Фото: ИЗВЕСТИЯ/Зураб Джавахадзе
Мы заходим в небольшую комнату с двуспальной кроватью, покрытую светлым покрывалом.
— Так странно выглядит, смотрите — получается, что у меня в спальне стоит мое же фото, — он указывает на тумбочку у окна, где на фото в розовой рамочке можно узнать адвоката Глинку несколько лет назад.
— Она поставила мое фото на свою тумбочку, а я ее — на свою. У нас такая традиция была, — Глеб Глебович сначала улыбнулся, а потом опустил глаза и отвернул голову.
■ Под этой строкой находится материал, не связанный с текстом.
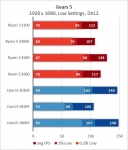 AMD Ryzen 3 3100-4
Помимо фото в спальне, как и везде в квартире, — портреты Доктора Лизы разного времени, иконы и ослики. Причем в каждой комнате есть красный уголок с иконами.
Фото: ИЗВЕСТИЯ/Зураб Джавахадзе
— Мы сошлись на теме православия. И я, и она — мы с детства воспитывались так. После свадьбы венчались. Это были 1980-е, я хотел венчаться с Москве, но в итоге мы обвенчались в православной церкви в Бостоне, — Глеб Глебович показывает два обручальных кольца на безымянном пальце — одно из загса, второе из церкви.
— Мы познакомились в Москве через мою сводную сестру, которая была дружна с Лизой, а я приехал ее навестить. Представляете, я холостяк, американец, весь в книгах и вообще не собираюсь жениться. И тут Лиза. Совсем девчонка — сестра попросила ее показать мне Москву. И, что удивительно, мы с ней сразу почувствовали, что на всю жизнь будем вместе. Это как Купидон выпустил свою стрелу.
Фото: ИЗВЕСТИЯ/Зураб Джавахадзе
Я пригласил ее в кино на следующий день, очень долго ждал у Пушкинского — она так и не пришла, и я отправился один. И уже в самом конце она тихонько проскользнула в зал и села рядом. После фильма мы гуляли всю ночь, было очень тепло. Потом я уехал обратно в Америку, и мы всё время общались по телефону, писали друг другу письма. Я получил долгосрочную визу — на шесть месяцев, приехал в Москву, и мы очень долго не могли снять квартиру: «Снять? С иностранцем? С американцем?» Все боялись нас пустить. И нашли только в Коньково небольшую квартиру в четыре раза дороже.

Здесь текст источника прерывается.